She stared up at him, feeling, for the first time, a certain softening toward him. “What doors are closed to you, Hauk?”
He asked again, “Have you finished?”
She looked down at the bit of uneaten sandwich. “Sure, I’m finished. With lunch.”
He took her plate and her glass to the sink, dumped the crust in and ran the disposal. Then he rinsed her dishes and put them in the dishwasher with his.
“Hauk?”
He turned to her and folded his huge arms over his chest. The early-afternoon sun slanting in the window made his hair shine as though it were spun from real gold.
“What doors are closed to you?”
Now, instead of staring her down, he seemed to be studying her. She knew a certain feeling of warmth inside as she saw that she had found it, the key to having an actual conversation with him. If they spoke of Gullandria, if he thought he might impart to her things she would need to know as the daughter of his king, he was willing to talk.
He asked, “Do you understand the rules of Gullandrian succession?”
“I think so.” She repeated what her mother had told her long ago. “All male jarl—” she pronounced it yarl, as her mother had taught her “—and jarl means noble, both singular and plural—are princes, technically eligible to claim the throne when the current king dies or is no longer capable of ruling. When that happens, the jarl convene in the capital city of Lysgard and each casts a vote. The winner is the new king. The vote itself—as well as the ceremony surrounding it—is called the kingmaking.”
Hauk dropped his hands to his sides. She could have sworn he almost smiled. “Very good. You have it nearly right.”
“Nearly?”
“Not all male jarl are princes. Only all legitimate male jarl.”
“You’re saying that you, Hauk FitzWyborn, could never be king.”
“That’s correct. Not that I would get any real chance to be king—let alone even want to be king—were I legitimate in the first place. But were I not a fitz, to be chosen king would at least be a theoretical possibility.”
“What about your children?”
He looked rather pleased. “Good question. As far as my children go—and still, remember, speaking the-oretically—everything can be different for them.”
“You mean, if you marry, then the sons your wife gives you would be eligible when the kingmaking comes around again.”

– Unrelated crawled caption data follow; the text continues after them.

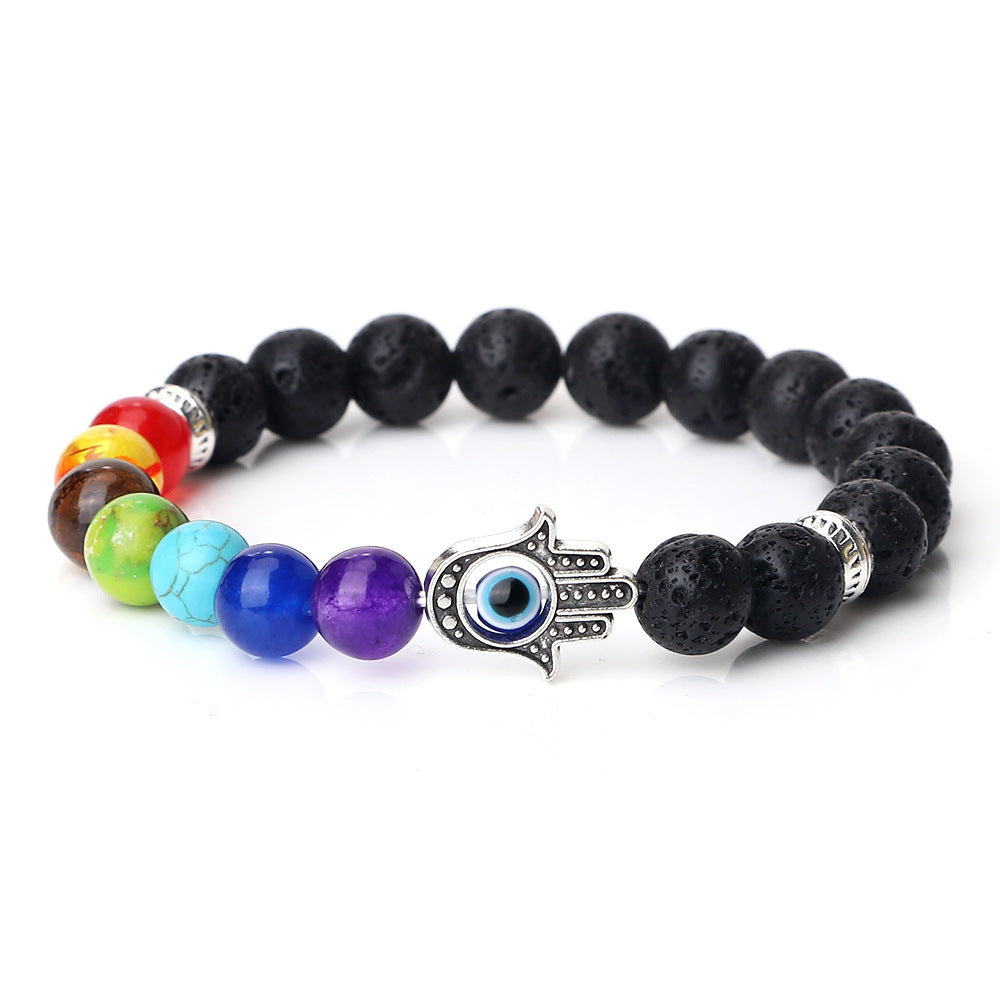 Spacer Bergamot Alloy Spacer Evil Eyes Elastic Bracelet Colorful Stone Bead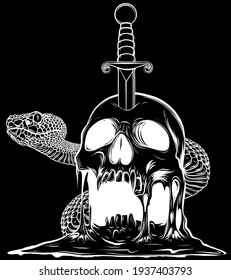 Snake and Skull silhouette in black background Vector Illustration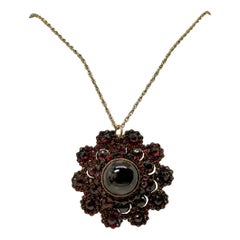 Art Deco Bohemian Garnet Pendant Lavaliere Necklace Brooch 13mm Cabochon Antique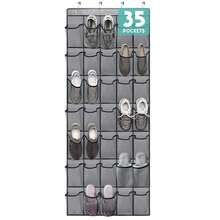 Large Capacity Door Hanging Shoe Storage Bag, Available In 40, 35, 24 Or 14 Slots. Made Of Breathable Non-Woven Fabric With Sturdy Black Frame, Dust-Proof And Moisture-Proof, Clear Visibility Of Contents. - View 24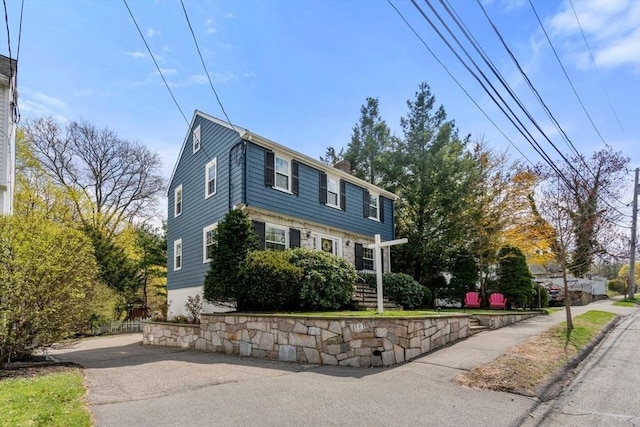 view of front of house with a chimney
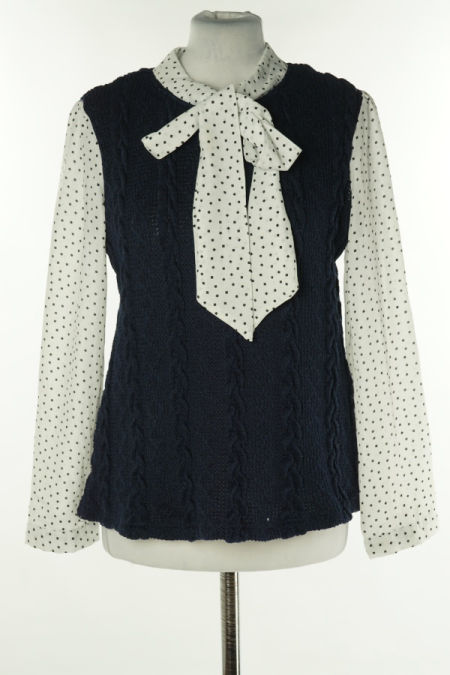 Sweter granatowy z białymi rękawami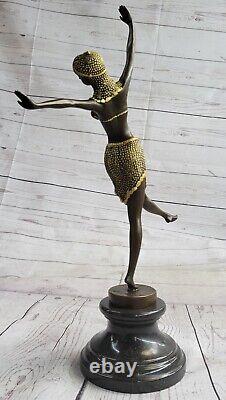 1 Jour Solde Vintage Signée Exotique Danseuse en Bronze Statue Art Déco Marbre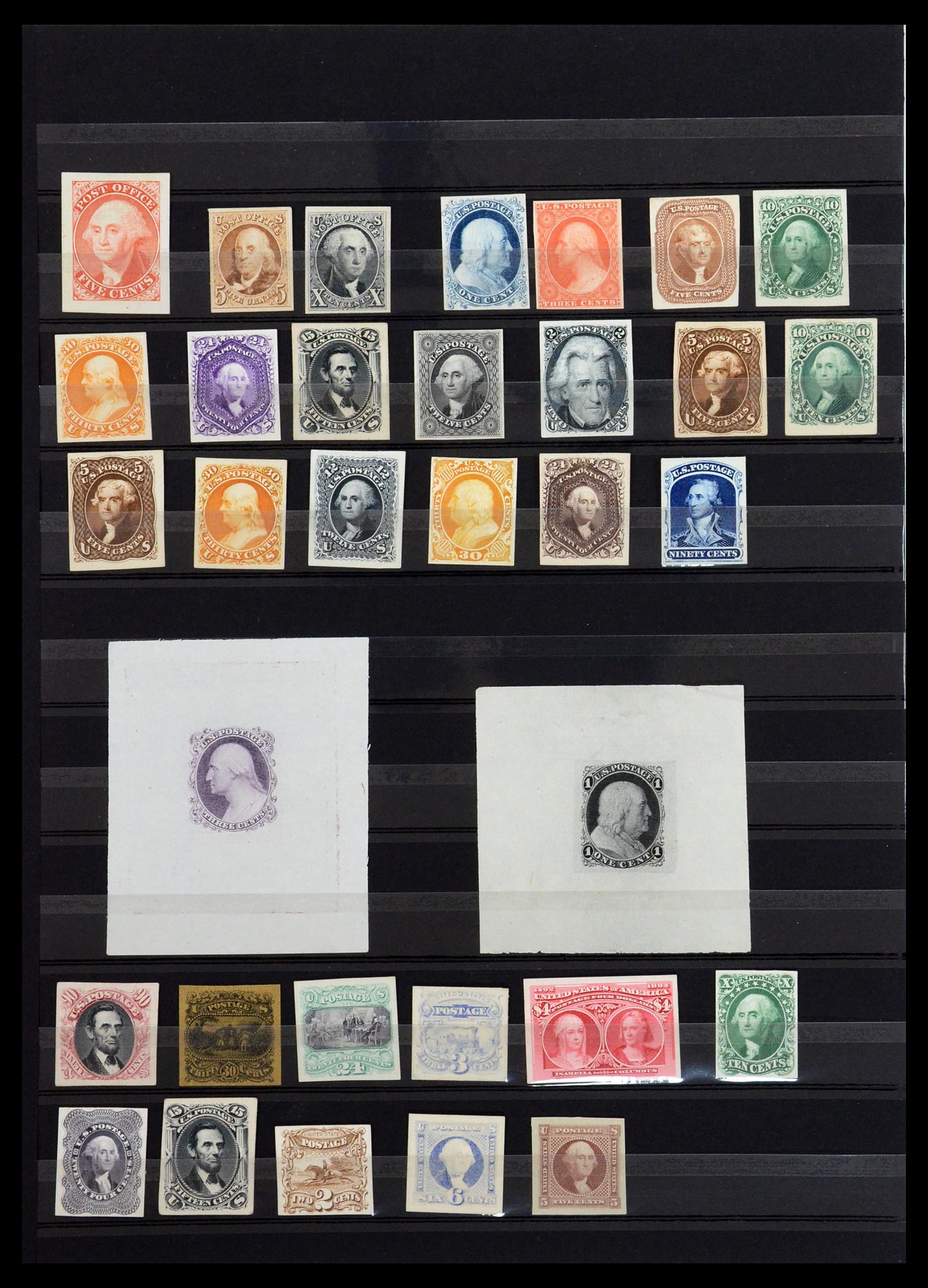 36473 001 - Stamp collection 36473 USA proofs 1845-1892.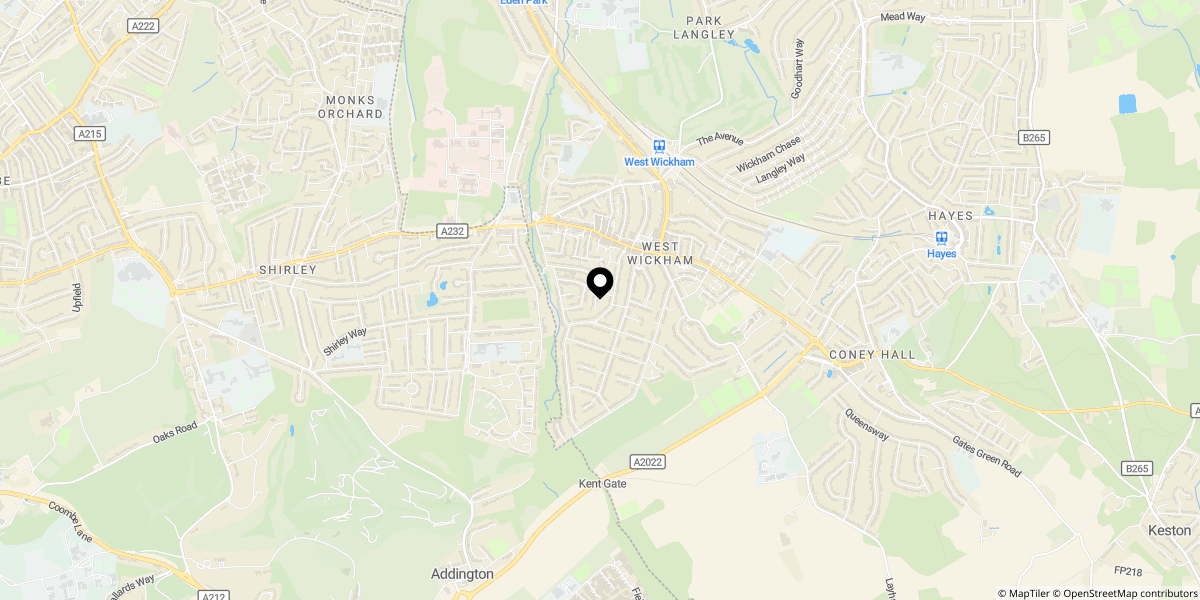 Approximate location of Knotley Way, West Wickham, BR4 9FB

“That’s right—given that my wife is jarl herself.” It suddenly occurred to her that he might be married right now. That shocked her, for some reason. Nothing personal, she hurried to reassure herself silently. It wasn’t about being… interested in him, as a man.
No. Of course not.
It was only that he didn’t seem married. Just as she couldn’t picture him as a vulnerable little boy with parents who took care of him, she had trouble seeing him with a wife, with children of his own.
She couldn’t resist asking. “Are you? Married?”
“No. And I have no children, either. I will never have children, unless I first have a wife. That is the lesson a fitz always learns and thus, in Gullandria, bastard children are rare.”
“So then,” she said gently, “you’ll never be king. But your children might.”
“They might. But again, it’s not likely. Families hold tight to ground they have gained. The sons of kings tend to become kings. They are groomed from birth with the throne in mind. Your brother, Prince Valbrand…” Hauk paused, fisted a hand at his heart and briefly bowed his head in what was clearly a gesture of respect for someone greatly valued and tragically lost. “Your brother was born to rule. He was wise beyond his years, a good and fair man. Gullandria would have prospered under him as she has thrived under His Majesty, your father.” Something had happened in Hauk’s cool eyes. For the first time, Elli saw that he did have a heart and that he had admired—even loved—her brother.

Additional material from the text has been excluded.